▸ **Problem description**: Your answer should be the records, copied exactly, with the pictures removed.

Image-text web data
──────────

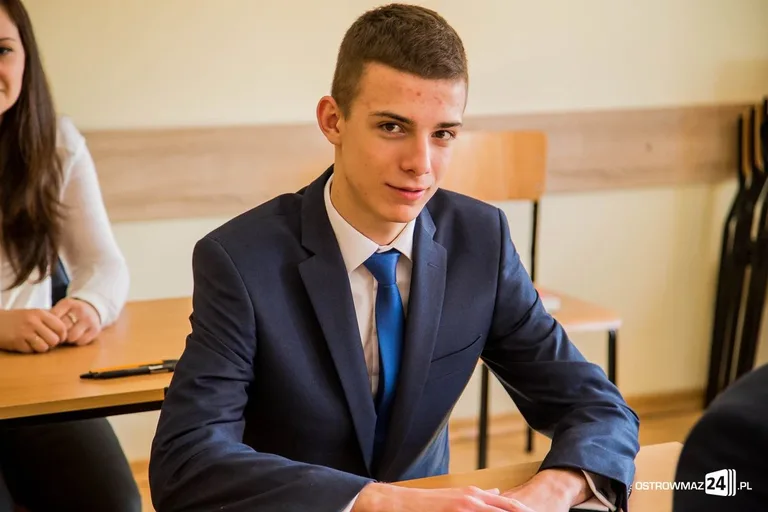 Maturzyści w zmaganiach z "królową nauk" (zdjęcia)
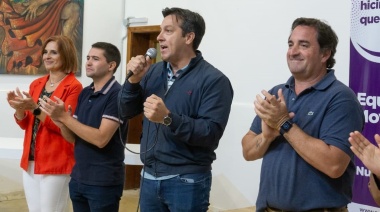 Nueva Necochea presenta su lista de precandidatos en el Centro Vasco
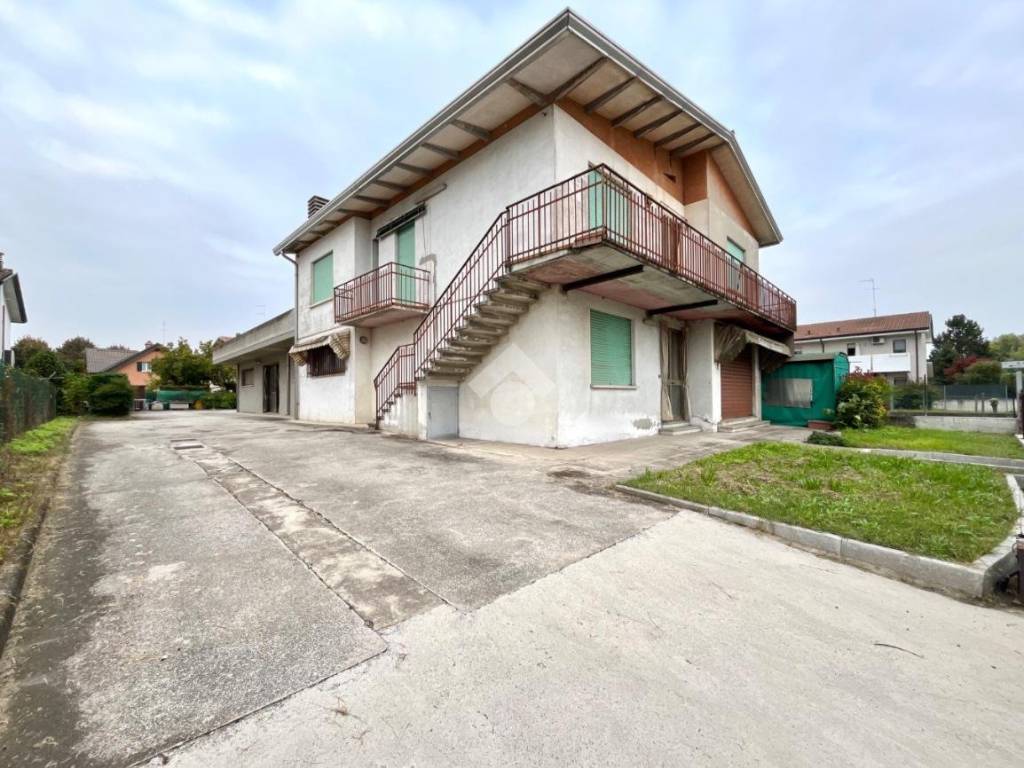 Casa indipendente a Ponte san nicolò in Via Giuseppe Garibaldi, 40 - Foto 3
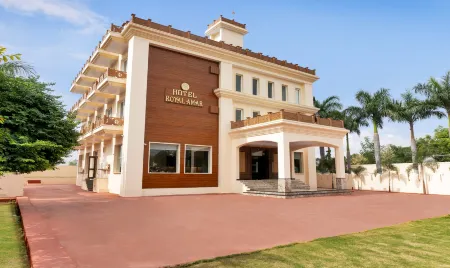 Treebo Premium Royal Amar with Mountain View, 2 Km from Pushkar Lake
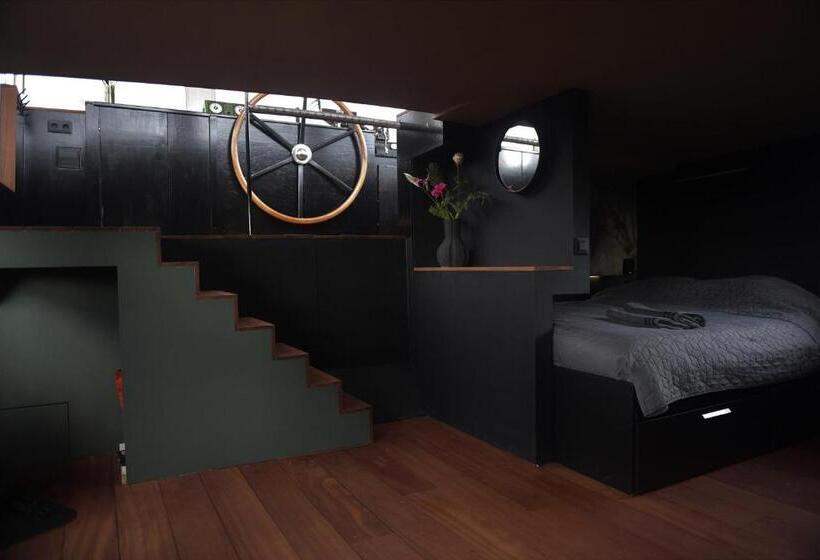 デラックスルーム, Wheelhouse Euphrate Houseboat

──────────

▸ **Your response**:
 Maturzyści w zmaganiach z "królową nauk" (zdjęcia)
 Nueva Necochea presenta su lista de precandidatos en el Centro Vasco
 Casa indipendente a Ponte san nicolò in Via Giuseppe Garibaldi, 40 - Foto 3
 Treebo Premium Royal Amar with Mountain View, 2 Km from Pushkar Lake
 デラックスルーム, Wheelhouse Euphrate Houseboat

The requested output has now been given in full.